Belum lagi proses penyelesaian insiden itu sendiri yang memakan waktu cukup lama. Ketika terjadi peristiwa awal perebutan senjata dan penyerangan personel Densus oleh para napi teroris di Kelapa Dua, Kapolri sedang melaksanakan tugas kunjungan ke Jordania dalam rangka menghadiri Pameran Industri Strategis serta Pertahanan dan Keamanan (Special Operations Forces Exhibition and Conference/SOFEX) yang berlangsung sejak 7 Mei 2018. Sangat disayangkan ketika orang nomor satu Polri masih berada di luar negeri, prosedur menanggapi insiden aksi jejaring terorisme terkesan lambat, terlepas pendekatan persuasif yang dikedepankan oleh Polri selaku aparat penegakan hukum. Kecepatan merespons dalam menghadapi aksi ini berpengaruh terhadap citra Indonesia di mata internasional, mengingat Densus 88 cukup dikenal atas kiprahnya dalam mengungkap jejaring teroris di Tanah Air.

Sebuah insiden kerusuhan serupa pernah terjadi di penjara Peterhead, Inggris, pada 1987. Kala itu napi menusuk salah seorang sipir bernama Bill Florence, kemudian menyanderanya bersama seorang sipir lainnya. Mereka menduduki salah satu blok selama beberapa hari. Menanggapi kerusuhan tersebut, Pemerintah Inggris menurunkan pasukan khusus Angkatan Daratnya, Special Air Service (SAS), yang dengan cepat berhasil menyelamatkan sandera serta mengendalikan situasi, sebelum diserahterimakan kembali kepada pihak penjara. SAS memang terkenal dengan kiprahnya menangani aksi terorisme, termasuk pembebasan sandera di Kedutaan Besar Iran di London pada tahun 1980.

Sinergi Polri-TNI

Berkaitan dengan penanggulangan terorisme, banyak negara yang telah menerapkan hybrid model di mana crime justice model yang mengedepankan aparat penegak hukum dipadukan dengan "model perang" yang melibatkan militer dalam penanggulangan terorisme.
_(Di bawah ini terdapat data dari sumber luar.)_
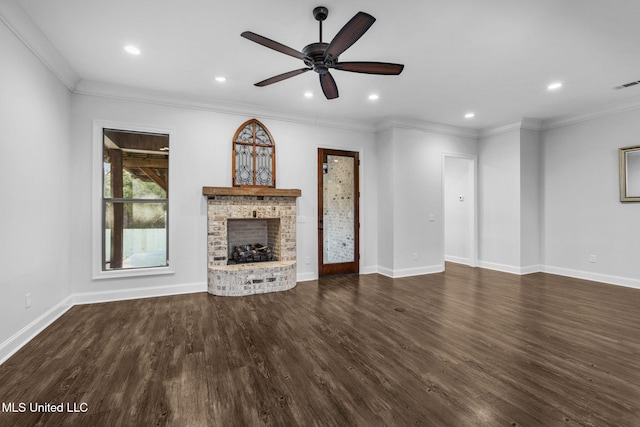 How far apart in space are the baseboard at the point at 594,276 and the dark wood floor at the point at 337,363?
1179 millimetres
Saat ini sedang berlangsung proses revisi UU No 15/2003 yang berkaitan tentang terorisme. Tentunya peristiwa di Mako Brimob menjadi sebuah urgensi untuk segera menuntaskannya sehingga dapat mengantisipasi agar tidak terulangnya peristiwa serupa yang menimbulkan korban di pihak aparat keamanan. Apalagi insiden ini terkait dengan dua satuan elite kepolisian yang notabene memiliki kemampuan khusus dan lebih dibandingkan satuan-satuan Polri lainnya.

Selain itu, terlepas dari gugurnya para personel terbaik Polri, perlu dilakukan evaluasi internal terhadap sistem dan prosedur yang ada, mengingat Rutan Cabang Salemba Mako Brimob memiliki sistem keamanan tertinggi. Belum lagi rantai komando dalam merespons insiden ketika pimpinan sedang melakukan tugas ke luar negeri sehingga penanganan tetap dapat dilakukan dengan cepat dan tepat memanfaatkan teknologi modern. Semoga penanggulangan terorisme di Tanah Air dapat ditata kembali di mana sinergi TNI-Polri dalam penanganannya menjadi prioritas tersendiri guna meminimalisasi korban di pihak aparat keamanan.